• [Exercise]
What you write should be an exact copy of the material, from its first line through the line containing "Women's Handmade First".

**** Information

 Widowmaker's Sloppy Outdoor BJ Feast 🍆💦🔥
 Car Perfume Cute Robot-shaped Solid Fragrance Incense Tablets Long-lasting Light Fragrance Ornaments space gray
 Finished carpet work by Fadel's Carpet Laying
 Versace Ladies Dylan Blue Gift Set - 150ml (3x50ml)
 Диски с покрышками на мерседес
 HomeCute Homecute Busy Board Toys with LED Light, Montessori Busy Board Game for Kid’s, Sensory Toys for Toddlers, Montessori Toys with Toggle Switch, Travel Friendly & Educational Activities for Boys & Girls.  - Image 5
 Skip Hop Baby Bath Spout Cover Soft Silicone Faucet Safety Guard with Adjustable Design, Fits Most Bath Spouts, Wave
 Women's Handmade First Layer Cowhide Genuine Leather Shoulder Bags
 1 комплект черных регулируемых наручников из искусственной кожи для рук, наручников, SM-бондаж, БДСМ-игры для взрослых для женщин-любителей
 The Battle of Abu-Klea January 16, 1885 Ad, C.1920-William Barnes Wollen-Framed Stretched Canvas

********

• [Solution to this task]
 Widowmaker's Sloppy Outdoor BJ Feast 🍆💦🔥
 Car Perfume Cute Robot-shaped Solid Fragrance Incense Tablets Long-lasting Light Fragrance Ornaments space gray
 Finished carpet work by Fadel's Carpet Laying
 Versace Ladies Dylan Blue Gift Set - 150ml (3x50ml)
 Диски с покрышками на мерседес
 HomeCute Homecute Busy Board Toys with LED Light, Montessori Busy Board Game for Kid’s, Sensory Toys for Toddlers, Montessori Toys with Toggle Switch, Travel Friendly & Educational Activities for Boys & Girls.  - Image 5
 Skip Hop Baby Bath Spout Cover Soft Silicone Faucet Safety Guard with Adjustable Design, Fits Most Bath Spouts, Wave
 Women's Handmade First Layer Cowhide Genuine Leather Shoulder Bags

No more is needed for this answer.